In Mantil we have concept of stage which is deployment of a project into cloud environment. By supporting infinite number of stages for each project development can be organized, besides private environment for each developer, into as many as needed integration, staging or show case stages. We make creating and deploying to the new stage a trivial step.

With Mantil you get all the benefits of the local development: isolated environment, instant feedback.
While at the same time got other benefits:

  • no need to maintain two different environments
  • dev production and all the stages in between use exactly the same resources
  • Mantil handles everything no need to setup anything locally

But SAM, Serverless... have local development?
Yes, but Mantil choose way to use cloud resources for both development and production. With the little change in mindset I believe that is long term right choice.

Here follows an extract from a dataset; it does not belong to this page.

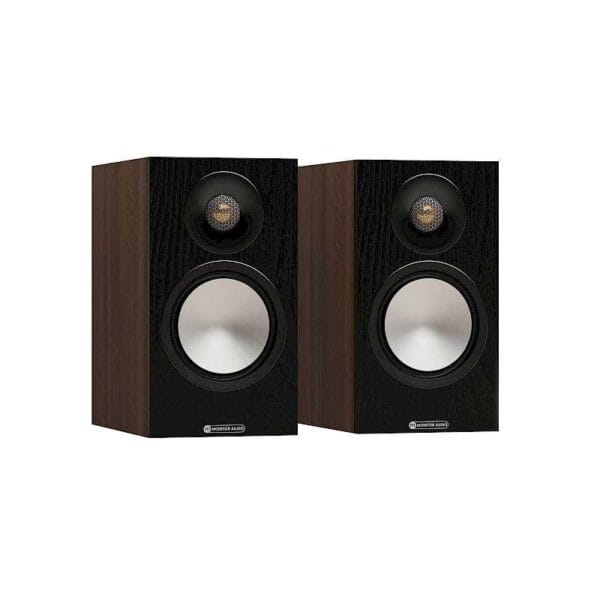 Акустическая система Monitor Audio Bronze 50 Walnut (7G)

Questions I ask myself about team development environments:

  • how much time is needed to bootstrap new developer That developer can be a part time. To solve specific problem. Product manger who will edit texts. Designer who jump into project to make it usable.
  • what is maintenance cost How much of his time developers spend building environment instead of business features.
  • how complex it is How many developers from the team are actually capable of extending development environment. What happens when initial developer leaves.

How do I debug, can I set breakpoints in my function code?

No.
When I started programming, many years ago, firing debugger and setting breakpoints was a way of life. That is especially convenient into Visual Studio or some other specialized IDE. The developers who are used to that kind of environments will feel unpleasant in any tool which doesn't support debug/breakpoint. I had the same feeling early in my career. After .Net I was developing in Ruby, Erlang, Go. In each of that environments I tried to setup some kind of breakpoint development style. That was short episodes and no one really useful. But I was not missing breakpoints. Breakpoint development is essentially a way to understand what is happening in the code. Once you have that mental model and can read code without need to fire debugger and go step by step you don't need it any more. Most of the experienced developers I know are asking for the breakpoint development style from the habit and from feeling insecure without it.
Usually answer is that you don't need breakpoints just put some log lines to understand what is happening. My recommendation is to first build mental model about the code, then build test and to require that behavior from the code. Tests are repeatable and long lasting contract. Breakpoints are one time single mind explanation.

Here is an ode to the debugging-less programming by the two legends in our filed. Quote is from "The Best Programming Advice I Ever Got" with Rob Pike:

Ken taught me that thinking before debugging is extremely important. If you dive into the bug, you tend to fix the local issue in the code, but if you think about the bug first, how the bug came to be, you often find and correct a higher-level problem in the code that will improve the design and prevent further bugs.
I recognize this is largely a matter of style. Some people insist on line-by-line tool-driven debugging for everything. But I now believe that thinking—without looking at the code—is the best debugging tool of all, because it leads to better software.